Google is currently rolling out a change to its core search algorithm that it says could change the rankings of results for as many as one in ten queries. It’s based on cutting-edge natural language processing (NLP) techniques developed by Google researchers and applied to its search product over the course of the past 10 months.
In essence, Google is claiming that it is improving results by having a better understanding of how words relate to each other in a sentence. In one example Google discussed at a briefing with journalists yesterday, its search algorithm was able to parse the meaning of the following phrase: “Can you get medicine for someone pharmacy?”
The old Google search algorithm treated that sentence as a “bag of words,” according to Pandu Nayak, Google fellow and VP of search. So it looked at the important words, medicine and pharmacy, and simply returned local results. The new algorithm was able to understand the context of the words “for someone” to realize it was a question about whether you could pick up somebody else’s prescription — and it returned the right results.

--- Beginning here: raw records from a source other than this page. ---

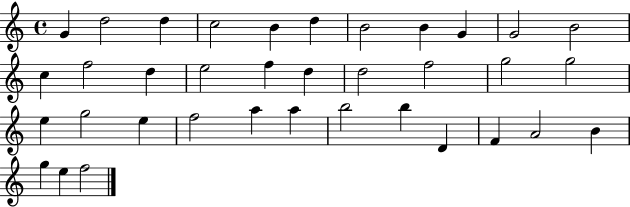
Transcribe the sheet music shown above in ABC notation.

X:1
T:Untitled
M:4/4
L:1/4
K:C
G d2 d c2 B d B2 B G G2 B2 c f2 d e2 f d d2 f2 g2 g2 e g2 e f2 a a b2 b D F A2 B g e f2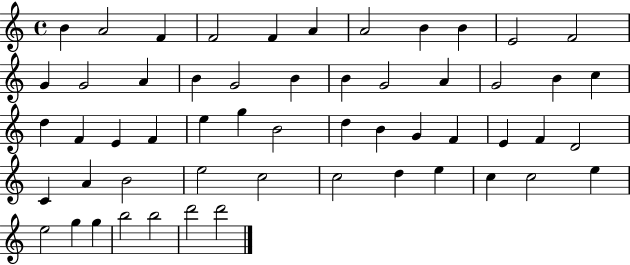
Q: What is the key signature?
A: C major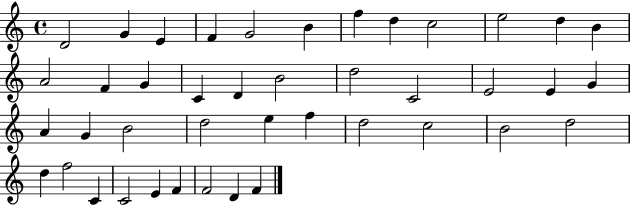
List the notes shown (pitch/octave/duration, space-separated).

D4/h G4/q E4/q F4/q G4/h B4/q F5/q D5/q C5/h E5/h D5/q B4/q A4/h F4/q G4/q C4/q D4/q B4/h D5/h C4/h E4/h E4/q G4/q A4/q G4/q B4/h D5/h E5/q F5/q D5/h C5/h B4/h D5/h D5/q F5/h C4/q C4/h E4/q F4/q F4/h D4/q F4/q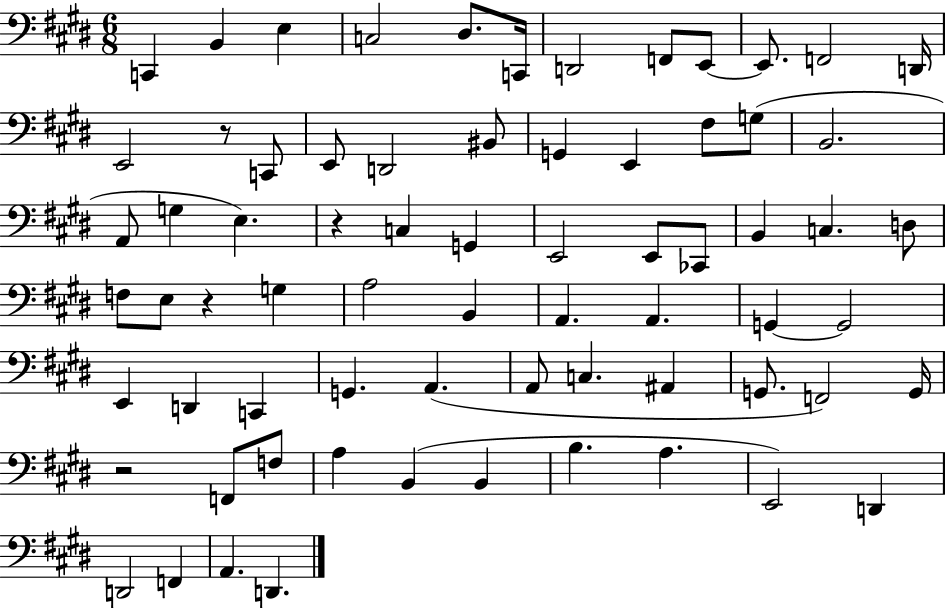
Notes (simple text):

C2/q B2/q E3/q C3/h D#3/e. C2/s D2/h F2/e E2/e E2/e. F2/h D2/s E2/h R/e C2/e E2/e D2/h BIS2/e G2/q E2/q F#3/e G3/e B2/h. A2/e G3/q E3/q. R/q C3/q G2/q E2/h E2/e CES2/e B2/q C3/q. D3/e F3/e E3/e R/q G3/q A3/h B2/q A2/q. A2/q. G2/q G2/h E2/q D2/q C2/q G2/q. A2/q. A2/e C3/q. A#2/q G2/e. F2/h G2/s R/h F2/e F3/e A3/q B2/q B2/q B3/q. A3/q. E2/h D2/q D2/h F2/q A2/q. D2/q.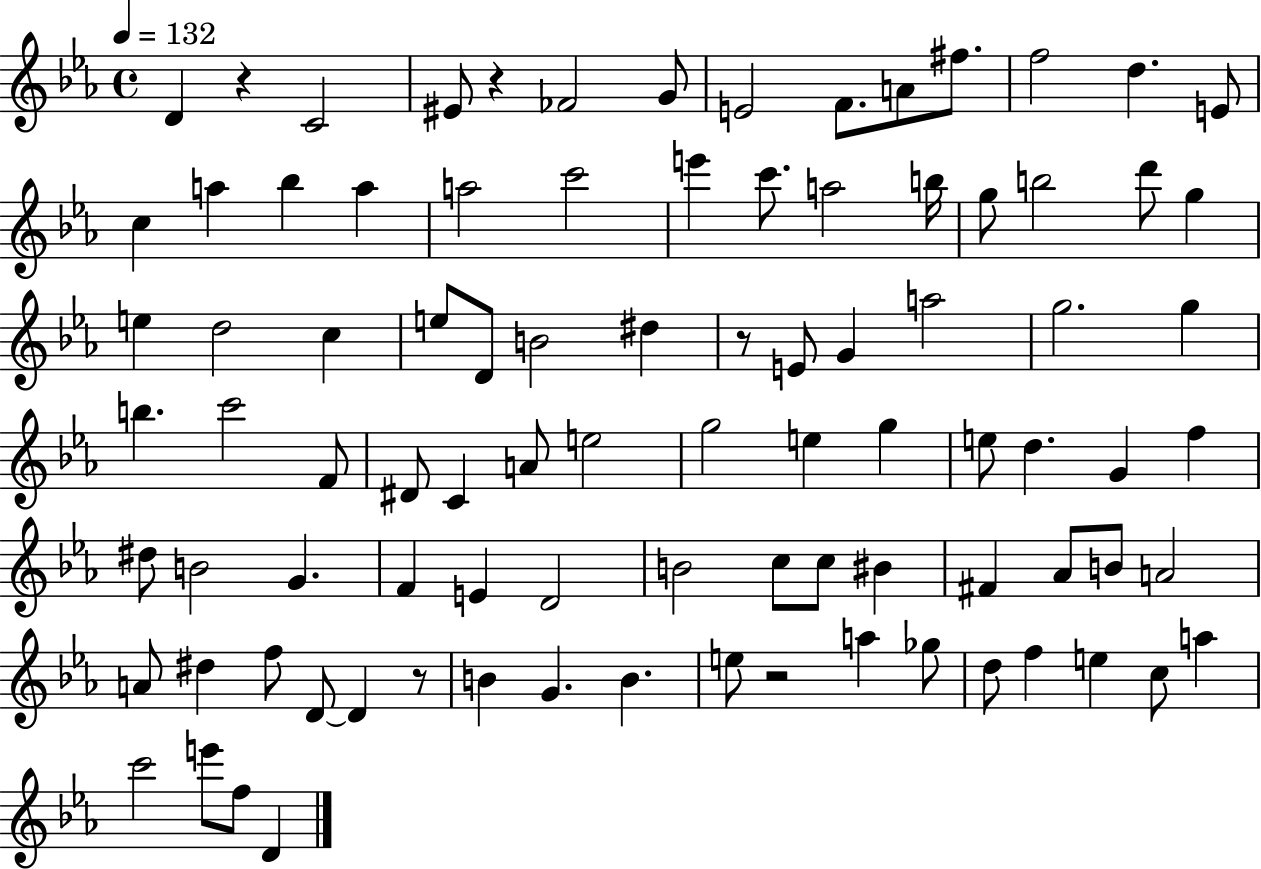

The tweaked algorithm is based on BERT, which stands for “Bidirectional Encoder Representations from Transformers.” Every word of that acronym is a term of art in NLP, but the gist is that instead of treating a sentence like a bag of words, BERT looks at all the words in the sentence as a whole. Doing so allows it to realize that the words “for someone” shouldn’t be thrown away, but rather are essential to the meaning of the sentence.
The way BERT recognizes that it should pay attention to those words is basically by self-learning on a titanic game of Mad Libs. Google takes a corpus of English sentences and randomly removes 15 percent of the words, then BERT is set to the task of figuring out what those words ought to be. Over time, that kind of training turns out to be remarkably effective at making a NLP model “understand” context, according to Jeff Dean, Google senior fellow & SVP of research.
Another example Google cited was “parking on a hill with no curb.” The word “no” is essential to this query, and prior to implementing BERT in search Google’s algorithms missed that.
Google says that it has been rolling the algorithm change out for the past couple of days and that, again, it should affect about 10 percent of search queries made in English in the US. Other languages and countries will be addressed later.
All changes to search are run through a series of tests to ensure they’re actually improving results. One of those tests involves using Google’s cadre of human reviewers who train the company’s algorithms by rating the quality of search results — Google also conducts live live A/B tests.
Not every single query will be affected by BERT, it’s just the latest of many different tools Google uses to rank search results. How exactly all of it works together is a bit of a mystery. Some of that process is kept intentionally mysterious by Google to keep spammers from gaming its systems. But it’s also mysterious for another important reason: when a computer uses machine learning techniques to make a decision, it can be hard to know why it made those choices.
That so-called “black box” of machine learning is a problem because if the results are wrong in some way, it can be hard to diagnose why. Google says that it has worked to ensure that adding BERT to its search algorithm doesn’t increase bias — a common problem with machine learning whose training models are themselves biased. Since BERT is trained on a giant corpus of English sentences, which are also inherently biased, it’s an issue to keep an eye on.
The company also says that it doesn’t anticipate significant changes in how much or where its algorithm will direct traffic, at least when it comes to large publishers. Any time Google signals a change in its search algorithm, the entire web sits up and takes notice. Companies have lived and died by Google’s search rank changes.
Everybody who makes money on web traffic absolutely should take notice. When it comes to the quality of its search results, Payak says that “this is the single biggest … most positive change we’ve had in the last five years and perhaps one of the biggest since the beginning.”